The confrontation has become increasingly fierce here and in Bucha, the next town to the north, as well as Hostomel Airport, where a Russian military contingent of tanks and armoured cars – the forward elements of a 64km-long convoy (40 miles) – has been gathering with the aim of an eventual assault on the capital.
I had joined the relief convoy to Irpin, organised by the volunteer activists, during warnings of an impending large-scale Russian assault on the town. Half a dozen cars and the bus had taken back roads through villages into the town. The main route in and out of Kyiv is blocked by a destroyed bridge over the River Irpin, a tributary of the Dnieper.
It is unclear whether the bridge was hit by Russian airstrikes or blown up by the Ukrainians in an effort to slow down the enemy advance. Either way, the Russians will no longer have direct access to the P30 motorway which runs into the capital.
The destruction inside the town was considerable, stretching from the outskirts to the centre, with burnt-out cars and buildings, some still smouldering from recent attacks. Quite a few of the targets were in residential areas, with large apartment blocks among the places hit. Video footage, confirmed by independent analysts, showed Russian Su-25 warplanes carrying out strikes in the city.
People in the Slayvo district had stayed in their homes with gunfire all around them for days. Many of them have sought shelter in the crypt of the Irpin Bible Church. Roman Ilniktsky, a priest there, said before the artillery rounds started “some have moved here from their homes, others just come for the night”.
He said: “We have been collecting food from the town and it’s very good to have donations coming here from Kyiv. It is up to people to decide whether they want to stay here or go, it may make sense to go, but some people would be nervous travelling.”
Yuri Radchenko, 68, was helping his 64-year-old wife Katarina into the bus when the clumps of mortar rounds began. “Get everyone into the bus and let’s go, they are coming,” he shouted at the by then very nervous driver. “Come on, we haven’t got much time.”
But by then people had begun to disembark. Katarina suddenly broke down. “We can’t go, we can’t go, my love,” she said to her husband between sobs. “It’s not safe to go, we don’t know what’s going to happen on the road, I am too frightened.”
Viktoria Kravets, carrying a baby and a cat in a cage, and dragging her two young daughters into the church, had been desperate to leave.
“But now there is too much confusion, and I don’t think it’s going to be possible this time. I wish we could go, it has been terrible around here with all the rockets and shooting,” she said.
“My girls get very frightened. What is happening is not good for them psychologically, they have seen people getting injured. They miss their father and their grandparents.”
The grandparents had moved to the relatively safer western Ukraine; the father, Ihor, was in the army reserves, and has been deployed towards Kharkiv, where another Russian offensive is taking place.

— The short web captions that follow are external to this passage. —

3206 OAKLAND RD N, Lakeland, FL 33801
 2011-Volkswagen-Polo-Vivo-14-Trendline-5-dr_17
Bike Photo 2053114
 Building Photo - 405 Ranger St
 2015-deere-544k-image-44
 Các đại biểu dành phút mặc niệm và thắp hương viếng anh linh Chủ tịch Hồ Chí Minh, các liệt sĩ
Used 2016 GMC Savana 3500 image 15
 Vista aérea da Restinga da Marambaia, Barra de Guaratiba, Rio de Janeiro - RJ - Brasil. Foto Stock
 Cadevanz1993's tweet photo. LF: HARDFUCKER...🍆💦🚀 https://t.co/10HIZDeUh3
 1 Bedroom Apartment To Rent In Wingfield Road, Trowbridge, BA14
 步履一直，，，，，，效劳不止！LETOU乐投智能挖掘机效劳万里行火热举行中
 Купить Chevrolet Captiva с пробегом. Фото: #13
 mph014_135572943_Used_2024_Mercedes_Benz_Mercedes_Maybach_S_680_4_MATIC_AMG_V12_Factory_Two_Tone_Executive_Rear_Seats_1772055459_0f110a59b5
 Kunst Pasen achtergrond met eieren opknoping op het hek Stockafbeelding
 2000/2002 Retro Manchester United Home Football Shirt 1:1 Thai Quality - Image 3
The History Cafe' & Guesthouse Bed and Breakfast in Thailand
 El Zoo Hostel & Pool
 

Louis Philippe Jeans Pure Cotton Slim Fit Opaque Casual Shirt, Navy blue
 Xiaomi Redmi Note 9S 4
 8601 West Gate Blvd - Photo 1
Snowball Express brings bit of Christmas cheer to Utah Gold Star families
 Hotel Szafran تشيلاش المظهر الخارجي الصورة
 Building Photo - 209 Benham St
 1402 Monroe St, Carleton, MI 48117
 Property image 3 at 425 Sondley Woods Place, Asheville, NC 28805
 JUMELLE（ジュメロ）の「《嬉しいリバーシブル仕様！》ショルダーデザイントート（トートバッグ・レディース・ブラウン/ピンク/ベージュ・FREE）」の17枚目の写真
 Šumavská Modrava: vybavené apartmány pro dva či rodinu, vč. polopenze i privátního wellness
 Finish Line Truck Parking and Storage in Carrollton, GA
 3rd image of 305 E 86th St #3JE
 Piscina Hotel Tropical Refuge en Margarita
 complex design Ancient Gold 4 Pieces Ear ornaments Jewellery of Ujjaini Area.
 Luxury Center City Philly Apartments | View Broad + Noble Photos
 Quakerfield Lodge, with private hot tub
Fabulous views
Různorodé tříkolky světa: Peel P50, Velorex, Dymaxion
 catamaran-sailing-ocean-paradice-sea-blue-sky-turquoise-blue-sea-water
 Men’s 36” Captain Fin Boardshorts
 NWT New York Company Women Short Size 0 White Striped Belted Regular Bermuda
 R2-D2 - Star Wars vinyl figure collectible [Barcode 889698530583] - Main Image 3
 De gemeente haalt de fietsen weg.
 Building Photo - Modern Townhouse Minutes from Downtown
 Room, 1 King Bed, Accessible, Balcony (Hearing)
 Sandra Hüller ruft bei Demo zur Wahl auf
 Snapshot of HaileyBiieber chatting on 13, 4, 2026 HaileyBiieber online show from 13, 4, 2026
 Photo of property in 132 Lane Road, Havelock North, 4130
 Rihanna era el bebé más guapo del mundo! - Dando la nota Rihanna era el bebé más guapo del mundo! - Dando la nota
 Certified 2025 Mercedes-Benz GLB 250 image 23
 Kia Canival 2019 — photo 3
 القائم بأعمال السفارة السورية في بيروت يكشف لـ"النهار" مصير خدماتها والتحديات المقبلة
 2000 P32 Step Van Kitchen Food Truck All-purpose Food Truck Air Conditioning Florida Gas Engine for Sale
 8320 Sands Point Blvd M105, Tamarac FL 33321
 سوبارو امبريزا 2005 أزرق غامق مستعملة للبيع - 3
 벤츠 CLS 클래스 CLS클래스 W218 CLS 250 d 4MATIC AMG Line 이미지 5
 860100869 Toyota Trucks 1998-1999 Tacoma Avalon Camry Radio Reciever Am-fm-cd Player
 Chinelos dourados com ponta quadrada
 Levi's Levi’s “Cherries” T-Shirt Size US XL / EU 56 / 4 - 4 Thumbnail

“Putin wants to destroy us. I am very proud that my husband is fighting for Ukraine, for our country,” she said. “He is trying to organise for us to get out, so we shall see what happens, all this waiting around has made the roads unsafe now. Maybe we should have taken the train, but that’s not possible now.”
A few trains had been running intermittently to Kyiv, with seats reserved for women and children. No men were allowed – a few who had attempted to board carriages were arrested and removed. But that link out of town ended with missile strikes on the tracks on Saturday morning.
Ms Kravets and others hurried on as machinegun fire started nearby. A group of Ukrainian soldiers rushed towards the location it was coming from. Then three civilians came holding beer bottles in their hands. They were Molotov cocktails, which they slung a little later at Russian positions further down the road. “They are really frightened of these,” one of them shouted grinning as he ran past.
A volunteer Ukrainian fighter, crouching behind a wall with an AK-47, said: “He is right, these Molotovs are old fashioned, but they are very useful.” The Ukrainian soldiers returned and then fell back, disappearing up the road.
Leaving Slayvo district, with Russian gunfire getting closer, we took the back route towards Kyiv in our car before an explosion to the front brought us to a juddering halt. It was a military vehicle which had been hit and set on fire. The Ukrainian soldiers who emerged around us from ditches beside the road said it was a Russian MT-LB armoured personnel carrier leading in troops.
Soon afterwards the Ukrainians captured a Russian soldier, who sat in his black top and combat trousers on the rubble-strewn steps of a shop, his hands tied behind his back. The young man, fair-haired and pink-faced, looked worried, giving a hopeless shrug in answer to questions. The Ukrainian soldiers maintained that he would be treated fairly as a prisoner of war: “Geneva Convention,” said one, “he won’t be harmed”.
The only way back by then was to the destroyed bridge. The approach road was filled with parked cars left by those who had forded the river on foot. There was renewed shooting back in the town, and more and more residents came hurrying along to get away.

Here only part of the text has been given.